The John Charnley Award: Highly Crosslinked Polyethylene in Total Hip Arthroplasty Decreases Long-term Wear: A Double-blind Randomized TrialGlyn-Jones, Siôn, FRCS, DPhil1; Thomas, Geraint, E. R., MA, MRCS1,a; Garfjeld-Roberts, Patrick, MA, MRCS1; Gundle, Roger, FRCS, DPhil1; Taylor, Adrian, FRCS1; McLardy-Smith, Peter, FRCS1; Murray, David, W., FRCS, MD1
Background The use of highly crosslinked polyethylene (HXLPE) is now commonplace for total hip arthroplasty. Hip simulator studies and short-term in vivo measurements suggest that the wear rate of some types of HXLPE is significantly less than conventional ultrahigh-molecular-weight polyethylene (UHMWPE). However, there are few long-term data to support its use.
Questions/purposes The aim of this study was to measure the long-term steady-state wear of HXLPE compared with UHMWPE liners in a prospective, double-blind, randomized controlled trial using radiostereometric analysis.
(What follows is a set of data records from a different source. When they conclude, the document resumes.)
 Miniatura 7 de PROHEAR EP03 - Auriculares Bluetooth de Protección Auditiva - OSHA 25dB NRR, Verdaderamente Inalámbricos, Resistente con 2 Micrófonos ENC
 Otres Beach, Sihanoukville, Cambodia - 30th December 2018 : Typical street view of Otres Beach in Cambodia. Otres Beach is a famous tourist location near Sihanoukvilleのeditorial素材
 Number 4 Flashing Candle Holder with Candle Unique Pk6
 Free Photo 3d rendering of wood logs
Methods Fifty-four patients were randomized to receive hip arthroplasties with either UHMWPE liners or HXLPE liners. Complete followup was available on 39 of these patients (72%). All patients received the same cemented stem and an uncemented acetabular component. Three-dimensional penetration of the head into the socket was determined at 10 years using a radiostereometric analysis system, which has an in vivo accuracy of < 0.1 mm. Oxford Hip Scores were compared between the groups.
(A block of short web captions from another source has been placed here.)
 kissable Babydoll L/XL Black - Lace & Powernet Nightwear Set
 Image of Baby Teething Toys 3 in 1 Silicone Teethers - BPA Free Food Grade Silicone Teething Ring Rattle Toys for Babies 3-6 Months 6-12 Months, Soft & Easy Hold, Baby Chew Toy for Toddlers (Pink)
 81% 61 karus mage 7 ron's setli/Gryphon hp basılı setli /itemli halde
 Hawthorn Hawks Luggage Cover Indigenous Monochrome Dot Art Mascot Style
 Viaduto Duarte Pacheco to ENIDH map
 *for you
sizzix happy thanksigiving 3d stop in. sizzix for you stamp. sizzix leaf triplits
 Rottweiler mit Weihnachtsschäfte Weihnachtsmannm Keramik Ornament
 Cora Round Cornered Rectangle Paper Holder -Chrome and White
Results At 10 years there was significantly less wear of HXLPE (0.003 mm/year; 95% confidence interval [CI], ± 0.010; SD 0.023; range, −0.057 to 0.074) compared with UHMWPE (0.030 mm/year; 95% CI, ± 0.012; p < 0.001; SD 0.0.27; range, −0.001 to 0.164). The volumetric penetration from 1 to 10 years for the UHMWPE group was 98 mm3 (95% CI, ± 46 mm3; SD 102 mm3; range, −4 to 430 mm3) compared with 14 mm3 (95% CI, ± 40 mm3; SD 91 mm3; range, −189 to 242 mm3) for the HXLPE group (p = 0.01).
Conclusions This study demonstrates that HXLPE has little detectable steady-state in vivo wear. This may result in fewer reoperations from loosening; however, careful clinical followup into the second decade still needs to be performed.
Level of Evidence Level I, therapeutic study. See the Guidelines for Authors for a complete description of levels of evidence.